=== SUPPLIED INFORMATION ===

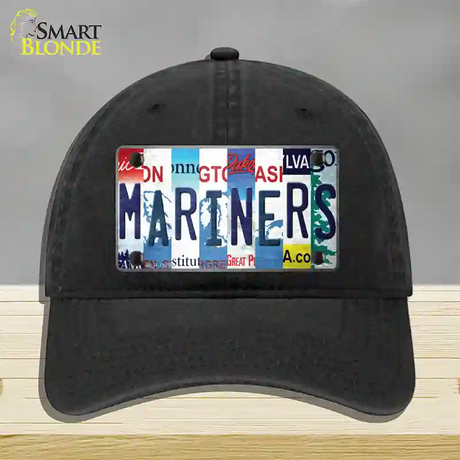 Mariners Strip Art Novelty License Plate Hat Tag Unconstructed Cotton / Black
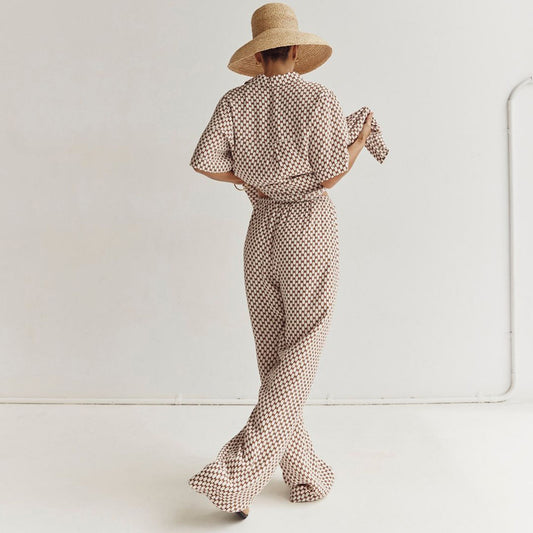 Women's Summer Printed Short-sleeved Shirt And Trousers Suit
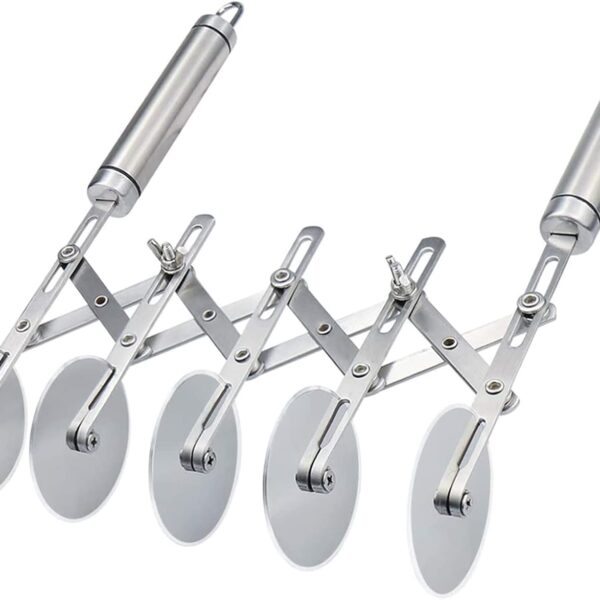 Juome 5 Wheel Pastry Cutter Stainless Pizza Slicer Multi-Round Dough Cutter Roller Cookie Pastry Knife Divider with Handle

===

== DIRECTIONS FOR THIS TASK ==
Write out the full listing verbatim, excluding its pictures.

== SOLUTION TO THE PROBLEM ==
 Mariners Strip Art Novelty License Plate Hat Tag Unconstructed Cotton / Black
 Women's Summer Printed Short-sleeved Shirt And Trousers Suit
 Juome 5 Wheel Pastry Cutter Stainless Pizza Slicer Multi-Round Dough Cutter Roller Cookie Pastry Knife Divider with Handle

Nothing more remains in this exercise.